In my last blog post I introduced the concept of time–frequency masking. This is a popular and powerful method of separating concurrent sounds, provided that we know which parts to change. By the way, when I say "parts" I'm referring to the pixels in the diagrams in my last blog, although these should more correctly be referred to as "time–frequency units". Research in this area generally falls in to two camps: coming up with better methods of figuring out which time–frequency units to change, and improving the separation method under the assumption that we know precisely which time–frequency units to change. Research at the IoSR covered both camps, but for the purposes of this blog post I'm going to assume that we know precisely which time–frequency units to change. This is possible because I'm going to make the mixtures myself, and so I know what all of its constituent sounds are. I'm making the optimisitic assumption that one day we will be able to figure out precisely which time–frequency units to change without this prior knowledge.
If we know which time–frequency units to change, how do we change them to get the best result? In my last post I described turning them on and off using a "binary" mask (where units in the time–frequency mask were set to 1 or 0). This is a pretty good way of going about things. If you listened to the examples you will have heard that one of the sound sources was almost completely removed. However, you may also have heard some artefacts of this process: a kind of unpleasant bubbly sound. This is a real problem. One experiment [1] found that these artefacts are so annoying, that despite the target speech becoming more intelligible, listeners prefer the unprocessed mixture. If a broadcaster wanted to use sound source separation to remove unwanted noises from a recording then this method might end up making things sound worse!

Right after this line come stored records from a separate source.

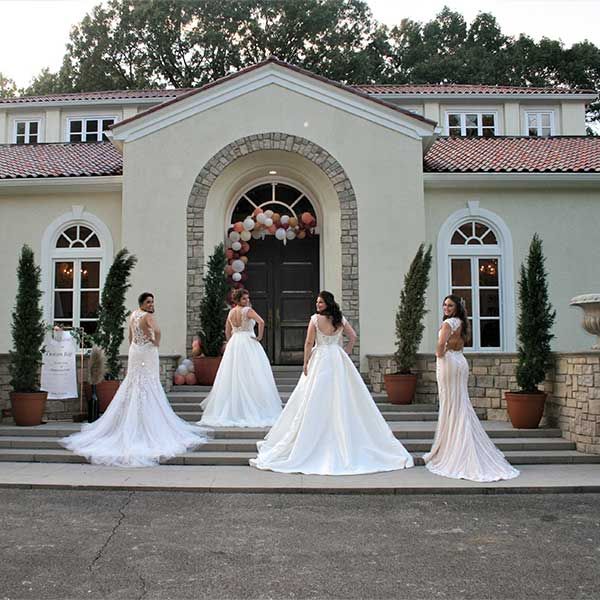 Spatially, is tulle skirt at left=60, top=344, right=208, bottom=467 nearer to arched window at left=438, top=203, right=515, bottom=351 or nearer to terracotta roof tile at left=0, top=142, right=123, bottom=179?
terracotta roof tile at left=0, top=142, right=123, bottom=179

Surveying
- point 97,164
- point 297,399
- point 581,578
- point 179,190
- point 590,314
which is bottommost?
point 581,578

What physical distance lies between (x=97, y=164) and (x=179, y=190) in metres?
3.07

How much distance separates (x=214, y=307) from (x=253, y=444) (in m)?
4.17

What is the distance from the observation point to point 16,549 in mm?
5000

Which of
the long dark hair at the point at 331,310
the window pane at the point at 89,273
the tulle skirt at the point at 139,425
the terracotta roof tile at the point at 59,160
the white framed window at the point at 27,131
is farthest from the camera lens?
the white framed window at the point at 27,131

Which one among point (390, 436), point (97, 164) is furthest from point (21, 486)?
point (97, 164)

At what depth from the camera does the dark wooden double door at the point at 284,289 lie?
14508 millimetres

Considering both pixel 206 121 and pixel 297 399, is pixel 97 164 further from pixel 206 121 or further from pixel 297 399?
pixel 297 399

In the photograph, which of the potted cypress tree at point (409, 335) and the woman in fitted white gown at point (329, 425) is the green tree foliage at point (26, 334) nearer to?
the woman in fitted white gown at point (329, 425)

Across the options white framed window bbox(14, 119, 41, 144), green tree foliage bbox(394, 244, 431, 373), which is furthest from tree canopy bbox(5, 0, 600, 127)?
green tree foliage bbox(394, 244, 431, 373)

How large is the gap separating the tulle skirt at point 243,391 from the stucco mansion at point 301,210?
9.75ft

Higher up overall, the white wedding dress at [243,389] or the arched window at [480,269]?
the arched window at [480,269]

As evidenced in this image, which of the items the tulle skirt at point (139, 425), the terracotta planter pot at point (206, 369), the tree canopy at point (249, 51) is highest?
the tree canopy at point (249, 51)

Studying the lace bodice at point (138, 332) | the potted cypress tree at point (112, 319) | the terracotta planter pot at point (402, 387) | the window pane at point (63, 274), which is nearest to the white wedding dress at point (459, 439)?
the terracotta planter pot at point (402, 387) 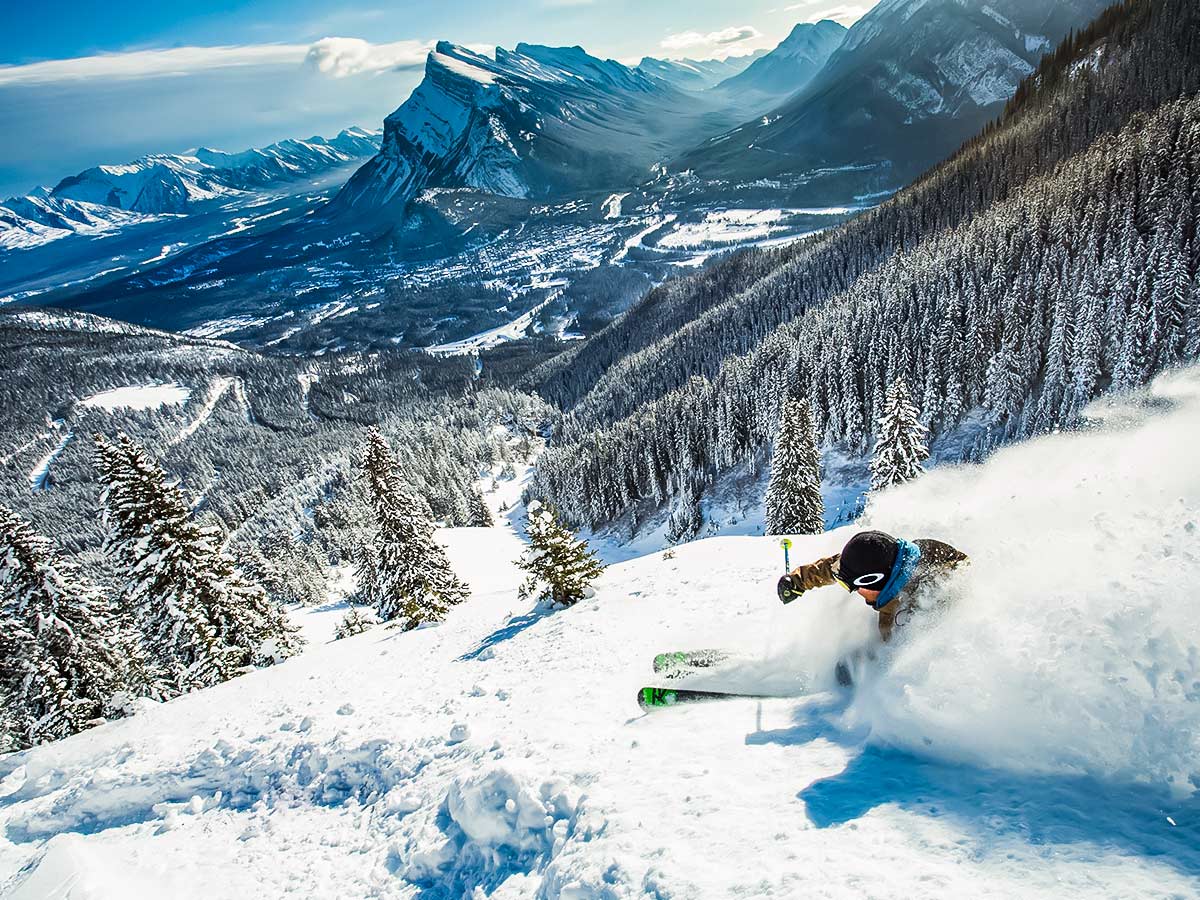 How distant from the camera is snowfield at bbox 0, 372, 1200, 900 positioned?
4785 mm

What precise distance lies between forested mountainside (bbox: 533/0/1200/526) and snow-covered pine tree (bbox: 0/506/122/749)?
65.7 m

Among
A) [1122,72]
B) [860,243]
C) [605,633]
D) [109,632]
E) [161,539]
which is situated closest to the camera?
[605,633]

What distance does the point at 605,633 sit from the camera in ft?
45.5

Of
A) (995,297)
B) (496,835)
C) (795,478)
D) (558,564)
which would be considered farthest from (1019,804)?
(995,297)

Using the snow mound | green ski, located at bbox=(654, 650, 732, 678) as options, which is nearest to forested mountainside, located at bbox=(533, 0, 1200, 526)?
green ski, located at bbox=(654, 650, 732, 678)

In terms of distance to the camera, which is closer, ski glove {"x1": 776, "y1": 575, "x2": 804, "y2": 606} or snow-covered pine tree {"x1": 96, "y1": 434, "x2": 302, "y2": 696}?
ski glove {"x1": 776, "y1": 575, "x2": 804, "y2": 606}

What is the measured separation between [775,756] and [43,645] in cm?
2808

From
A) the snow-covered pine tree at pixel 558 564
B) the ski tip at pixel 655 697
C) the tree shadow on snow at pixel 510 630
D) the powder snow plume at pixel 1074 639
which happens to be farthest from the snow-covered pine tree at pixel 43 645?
the powder snow plume at pixel 1074 639

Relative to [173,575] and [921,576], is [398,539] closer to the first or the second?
[173,575]

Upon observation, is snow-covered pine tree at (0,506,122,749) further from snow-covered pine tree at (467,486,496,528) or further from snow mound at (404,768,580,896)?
snow-covered pine tree at (467,486,496,528)

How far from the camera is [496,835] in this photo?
7.41m

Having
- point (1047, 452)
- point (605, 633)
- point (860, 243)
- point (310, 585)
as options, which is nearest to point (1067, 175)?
point (860, 243)

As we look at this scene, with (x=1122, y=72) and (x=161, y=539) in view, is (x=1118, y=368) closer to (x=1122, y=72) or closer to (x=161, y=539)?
(x=161, y=539)

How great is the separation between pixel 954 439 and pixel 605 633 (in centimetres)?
6723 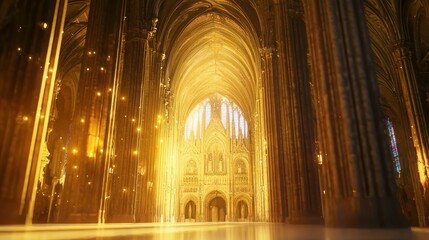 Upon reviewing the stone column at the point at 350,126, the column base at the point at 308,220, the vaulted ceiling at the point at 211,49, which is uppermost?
the vaulted ceiling at the point at 211,49

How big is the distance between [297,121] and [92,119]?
7124 millimetres

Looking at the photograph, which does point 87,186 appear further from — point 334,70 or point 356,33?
point 356,33

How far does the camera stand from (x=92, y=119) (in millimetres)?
10805

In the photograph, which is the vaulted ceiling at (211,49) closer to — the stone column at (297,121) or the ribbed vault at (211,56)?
the ribbed vault at (211,56)

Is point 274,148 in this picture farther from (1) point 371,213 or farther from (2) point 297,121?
(1) point 371,213

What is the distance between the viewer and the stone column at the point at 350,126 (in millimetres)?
5199

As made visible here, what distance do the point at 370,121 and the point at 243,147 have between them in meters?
34.3

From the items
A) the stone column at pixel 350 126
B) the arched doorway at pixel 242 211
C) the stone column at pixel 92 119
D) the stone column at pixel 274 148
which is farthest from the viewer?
the arched doorway at pixel 242 211

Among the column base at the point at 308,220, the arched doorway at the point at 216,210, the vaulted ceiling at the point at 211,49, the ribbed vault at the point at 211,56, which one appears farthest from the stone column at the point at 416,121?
the arched doorway at the point at 216,210

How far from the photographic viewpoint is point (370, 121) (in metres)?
5.65

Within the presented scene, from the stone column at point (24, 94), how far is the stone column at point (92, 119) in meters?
3.05

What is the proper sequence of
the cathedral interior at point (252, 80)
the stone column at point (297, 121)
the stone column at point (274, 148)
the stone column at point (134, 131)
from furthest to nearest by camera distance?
the stone column at point (274, 148)
the stone column at point (134, 131)
the stone column at point (297, 121)
the cathedral interior at point (252, 80)

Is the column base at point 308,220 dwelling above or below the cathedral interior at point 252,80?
below

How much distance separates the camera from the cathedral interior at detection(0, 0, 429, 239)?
232 inches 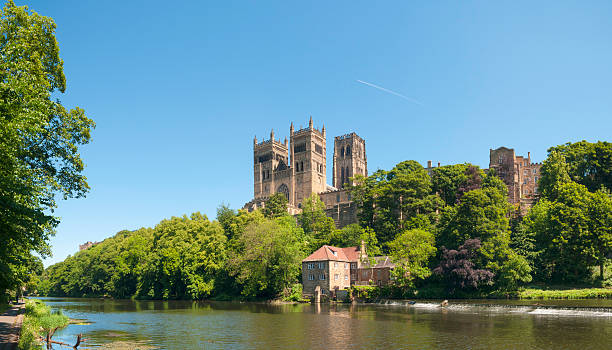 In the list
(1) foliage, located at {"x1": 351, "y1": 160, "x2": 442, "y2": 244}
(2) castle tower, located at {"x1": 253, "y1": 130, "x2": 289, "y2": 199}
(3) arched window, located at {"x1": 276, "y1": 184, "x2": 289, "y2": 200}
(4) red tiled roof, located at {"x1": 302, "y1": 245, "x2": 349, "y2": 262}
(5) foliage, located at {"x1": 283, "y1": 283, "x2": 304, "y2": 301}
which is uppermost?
(2) castle tower, located at {"x1": 253, "y1": 130, "x2": 289, "y2": 199}

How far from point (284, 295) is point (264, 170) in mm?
81764

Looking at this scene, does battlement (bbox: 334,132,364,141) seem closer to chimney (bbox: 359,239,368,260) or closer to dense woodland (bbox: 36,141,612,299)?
dense woodland (bbox: 36,141,612,299)

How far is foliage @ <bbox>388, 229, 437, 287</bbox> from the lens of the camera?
182ft

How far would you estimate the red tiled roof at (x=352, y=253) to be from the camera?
6362 centimetres

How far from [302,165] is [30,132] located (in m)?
114

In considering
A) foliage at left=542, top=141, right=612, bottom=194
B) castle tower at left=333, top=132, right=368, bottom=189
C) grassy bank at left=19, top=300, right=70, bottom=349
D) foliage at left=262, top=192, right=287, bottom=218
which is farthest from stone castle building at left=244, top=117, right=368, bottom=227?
grassy bank at left=19, top=300, right=70, bottom=349

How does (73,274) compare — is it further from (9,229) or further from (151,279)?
(9,229)

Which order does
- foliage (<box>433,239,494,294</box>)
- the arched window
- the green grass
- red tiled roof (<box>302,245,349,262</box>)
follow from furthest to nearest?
the arched window → red tiled roof (<box>302,245,349,262</box>) → foliage (<box>433,239,494,294</box>) → the green grass

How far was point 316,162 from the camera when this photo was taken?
5246 inches

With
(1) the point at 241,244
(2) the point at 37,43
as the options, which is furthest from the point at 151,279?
(2) the point at 37,43

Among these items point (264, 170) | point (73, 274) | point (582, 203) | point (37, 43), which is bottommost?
point (73, 274)

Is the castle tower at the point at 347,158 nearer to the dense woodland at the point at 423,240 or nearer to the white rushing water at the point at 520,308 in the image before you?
the dense woodland at the point at 423,240

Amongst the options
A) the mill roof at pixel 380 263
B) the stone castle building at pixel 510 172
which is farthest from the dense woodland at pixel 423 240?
the stone castle building at pixel 510 172

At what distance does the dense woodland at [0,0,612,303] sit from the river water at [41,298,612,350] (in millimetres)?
8368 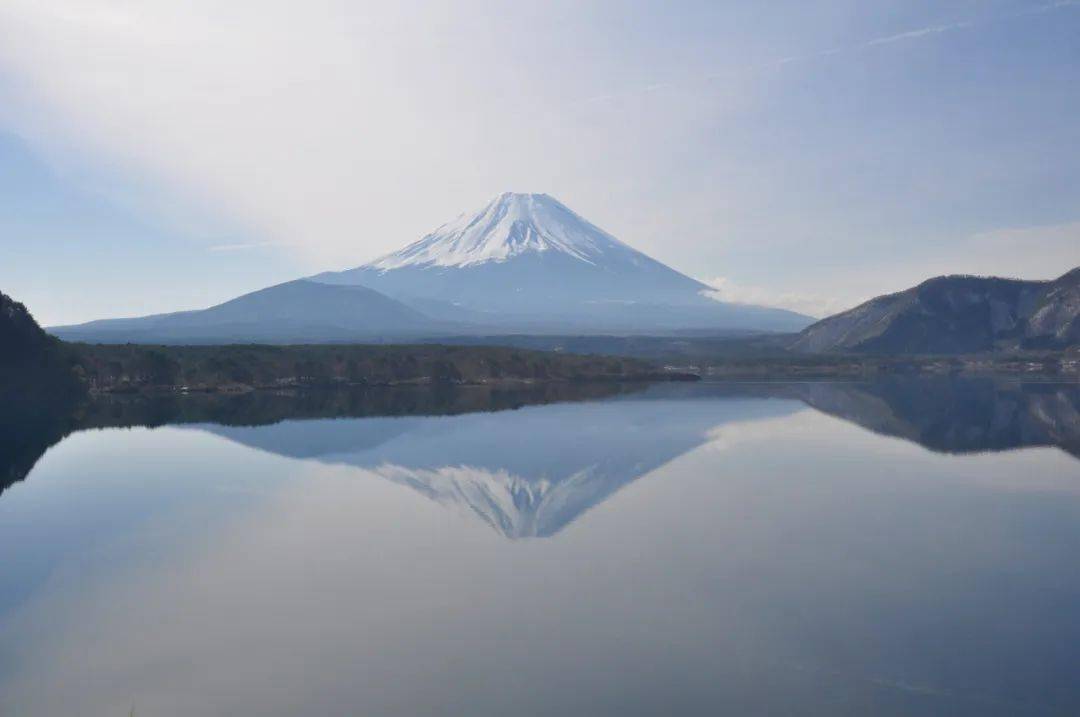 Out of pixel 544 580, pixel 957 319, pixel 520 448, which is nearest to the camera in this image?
pixel 544 580

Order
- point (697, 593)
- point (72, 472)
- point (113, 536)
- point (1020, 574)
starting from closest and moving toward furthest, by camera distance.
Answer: point (697, 593)
point (1020, 574)
point (113, 536)
point (72, 472)

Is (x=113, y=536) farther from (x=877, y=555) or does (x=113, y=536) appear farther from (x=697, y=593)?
(x=877, y=555)

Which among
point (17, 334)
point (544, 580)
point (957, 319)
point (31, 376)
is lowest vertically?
point (544, 580)

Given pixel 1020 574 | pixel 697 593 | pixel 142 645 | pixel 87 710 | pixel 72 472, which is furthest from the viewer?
pixel 72 472

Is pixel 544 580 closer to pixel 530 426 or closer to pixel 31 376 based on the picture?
pixel 530 426

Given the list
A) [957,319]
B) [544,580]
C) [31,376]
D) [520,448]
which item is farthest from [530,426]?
[957,319]

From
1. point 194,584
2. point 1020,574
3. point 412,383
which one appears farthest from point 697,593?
point 412,383

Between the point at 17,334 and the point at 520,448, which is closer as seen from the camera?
the point at 520,448

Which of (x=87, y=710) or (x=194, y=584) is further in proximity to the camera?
(x=194, y=584) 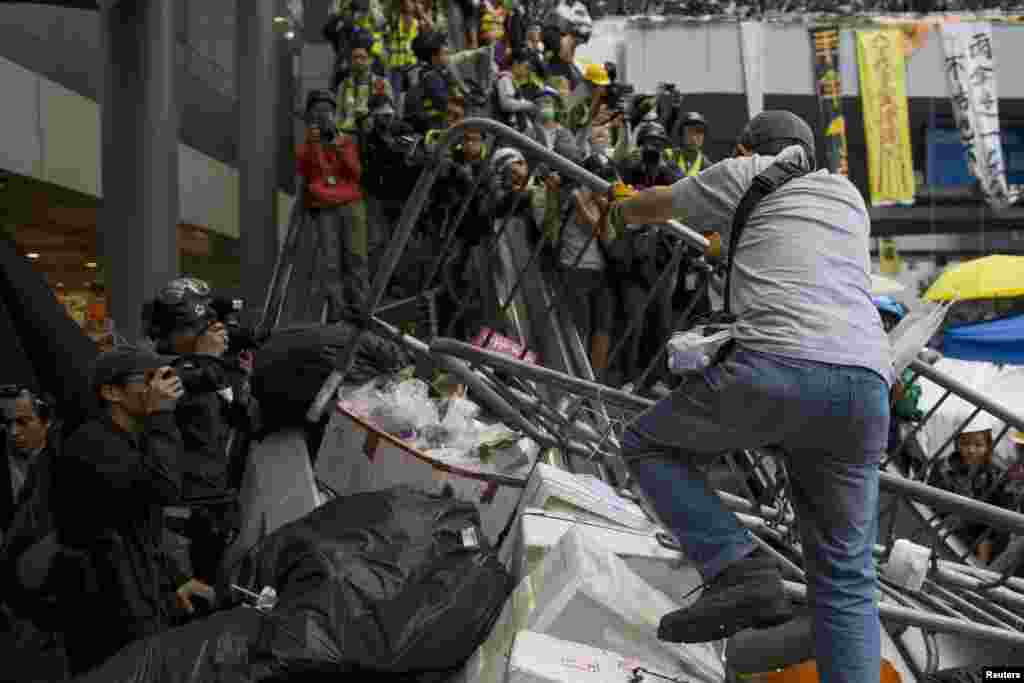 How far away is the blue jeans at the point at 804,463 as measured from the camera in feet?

The bubbly artefacts you hear are likely to be caused by the binary mask transitioning frequently between loud (1) and quiet (0) and vice versa. So what about setting the values to between 0 and 1? Presumably this would reduce the size of these transitions, and hopefully reduce the level of the bubbly artefacts. A number of authors have suggested using such a "continuous" or "ratio" mask (you'll see why it's called a "ratio" mask shortly), and the debate is currently a hot topic in some sections of the signal processing community.
An example of binary and ratio masks are shown in the top two panels of Fig. 1. The bottom panel shows a single row from the top two plots. The large and sharp transitions of the binary mask are contrasted heavily by the softer transitions of the ratio mask.
The binary mask is set to 1 when the target sound is louder than the unwanted sound(s), and 0 otherwise. The ratio mask is calculated as the ratio of target sound power to mixture sound power. From that definition, it should be clear that when the mixture consists of only the target sound, the ratio value will be 1. When the target is silent and there are some (or lots) of other sounds (making the mixture power large), the ratio value will be 0. When there is other sound that is at the same level as the target sound, the ratio value will be 0.5.
So does this ratio mask improve things? Judge for yourself below. But I think so.
Mixture
Binary mask (top panel, Fig. 1.)
Ratio mask (middle panel, Fig. 1.)
There are a bunch of other good reasons to prefer the ratio mask to the binary mask, too. For a start, if we measure how much unwanted signal is left in the outputs above, then we find that the ratio mask removes slightly more unwanted signal (the difference is slight, though).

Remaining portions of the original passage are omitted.